* Supplied data *
----

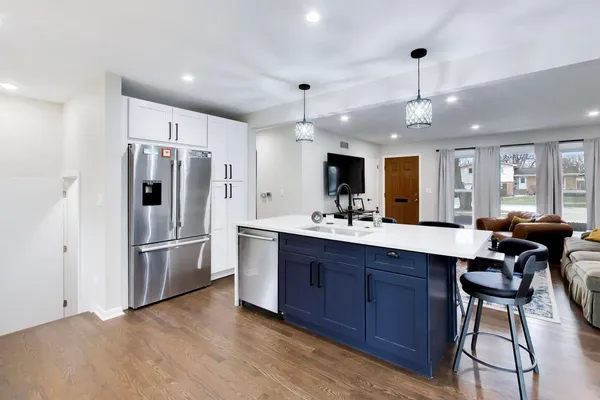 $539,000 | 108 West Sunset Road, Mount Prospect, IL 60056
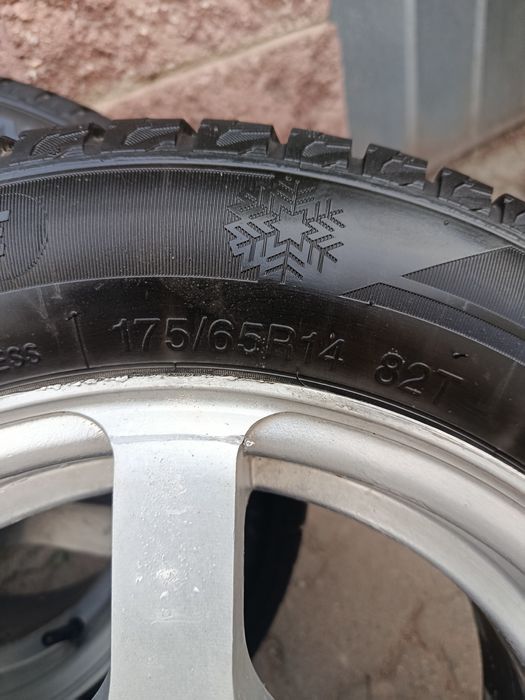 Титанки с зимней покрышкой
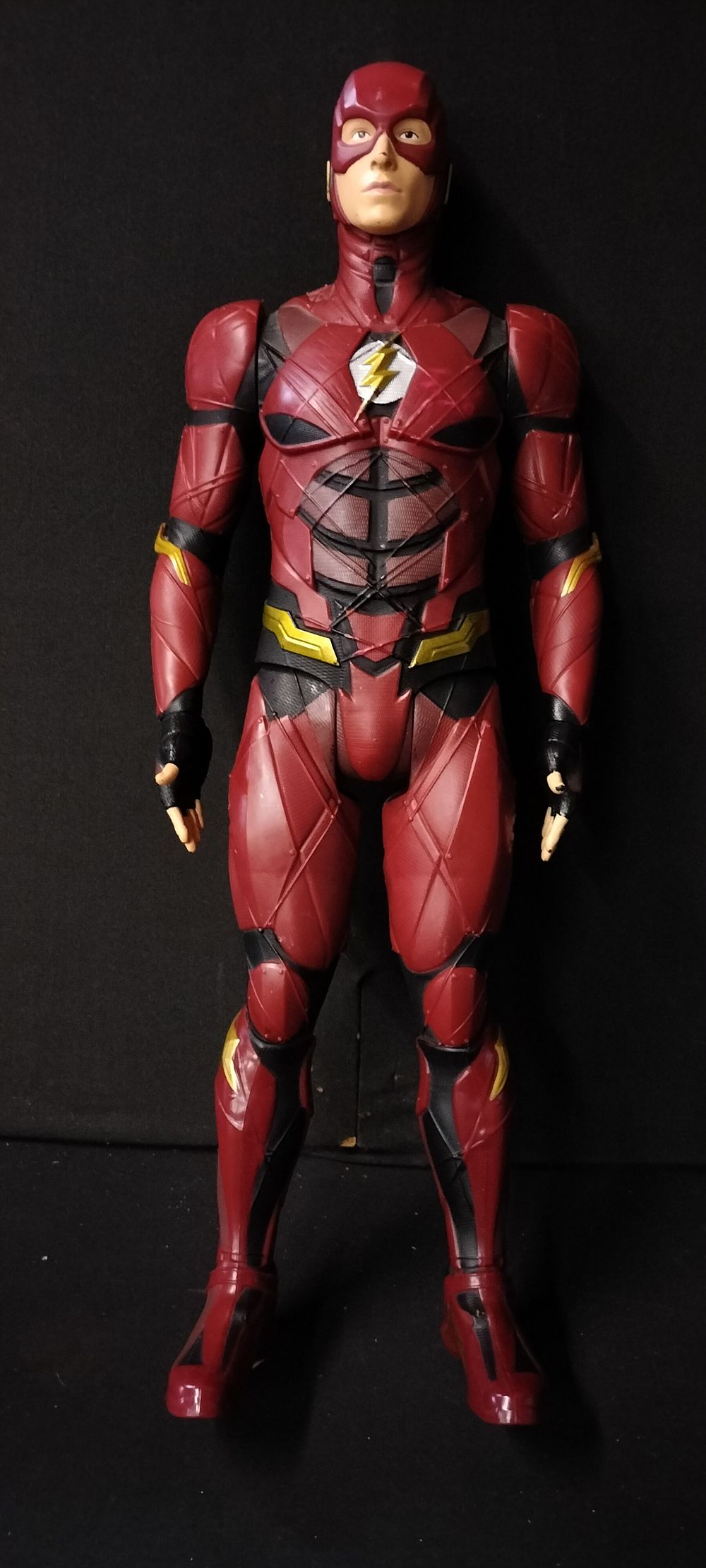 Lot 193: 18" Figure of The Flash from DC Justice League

----

* Activity *
Exactly the lines from the line with "Титанки с зимней покрышкой" through the end of the data are to be reproduced, and no picture is to be included.

* Task result *
 Титанки с зимней покрышкой
 Lot 193: 18" Figure of The Flash from DC Justice League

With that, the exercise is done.